§ EXERCISE REQUIREMENTS
Repeat the data that follows, word for word, without the images.

§ GIVEN DATA
____________
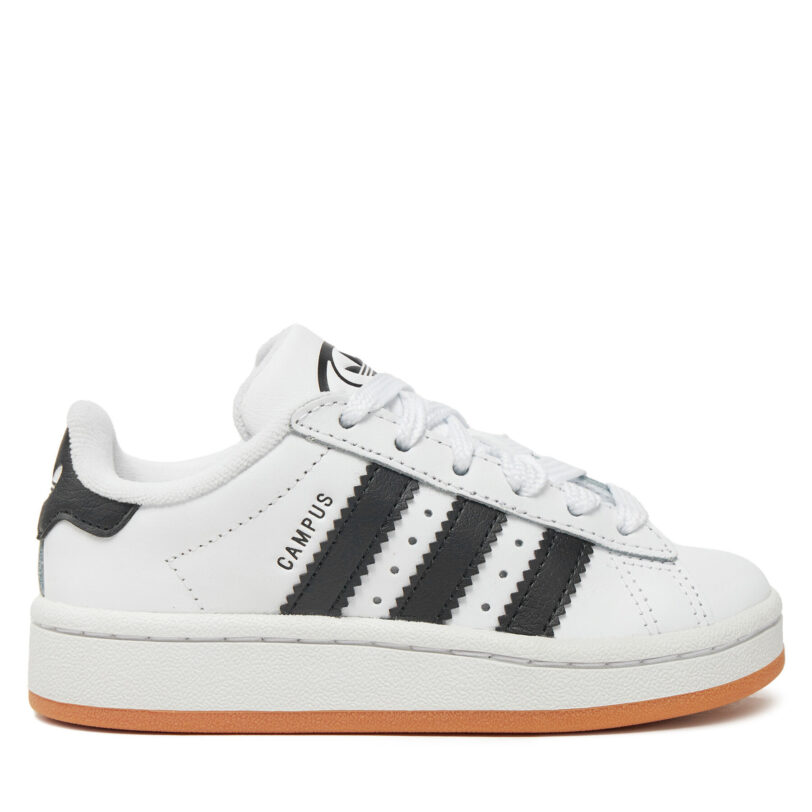 Сникърси adidas Campus 00s JP7035 Бял цвят на ниска цена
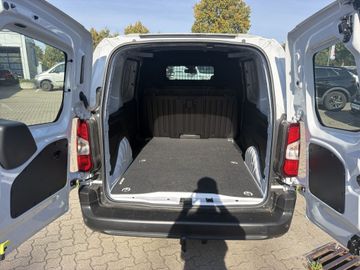Opel COMBO CARGO ELEKTRO EDITION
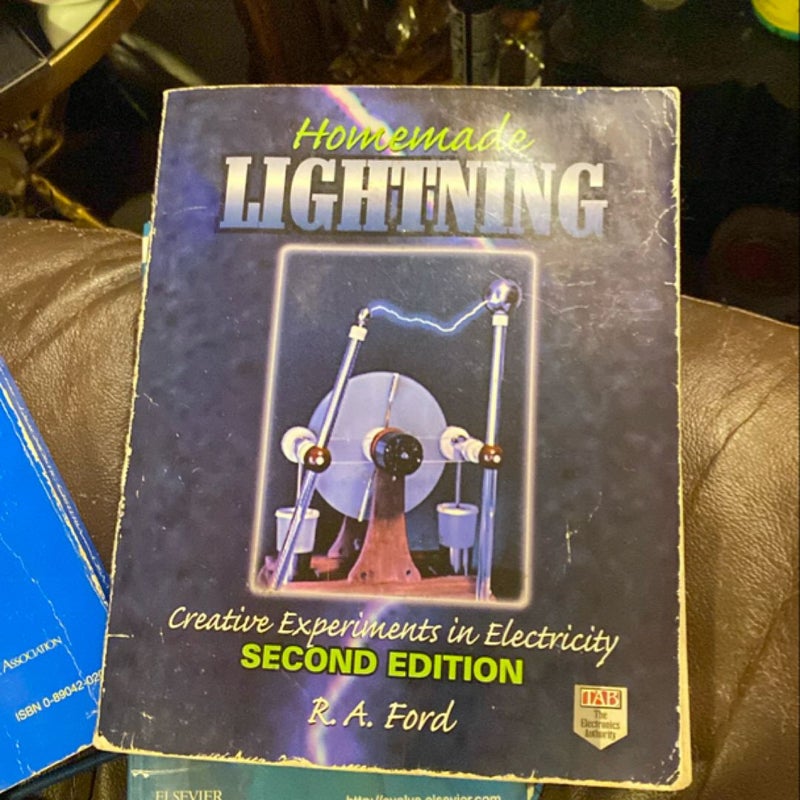 Homemade Lightning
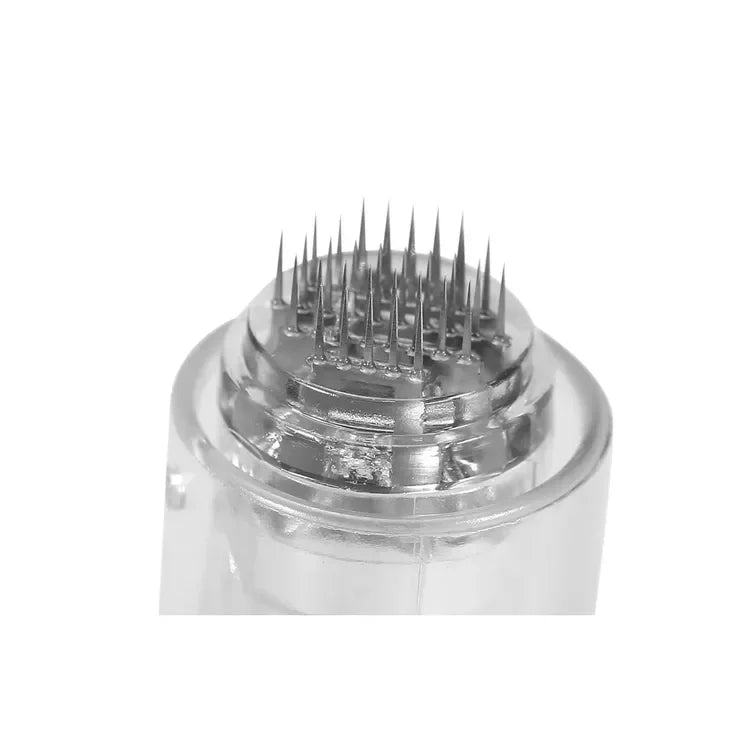 Agujas Cabezal Para Dermapen Cartucho Pin 36 Repuesto Facial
____________
§ ANSWER BOX
 Сникърси adidas Campus 00s JP7035 Бял цвят на ниска цена
Opel COMBO CARGO ELEKTRO EDITION
 Homemade Lightning
 Agujas Cabezal Para Dermapen Cartucho Pin 36 Repuesto Facial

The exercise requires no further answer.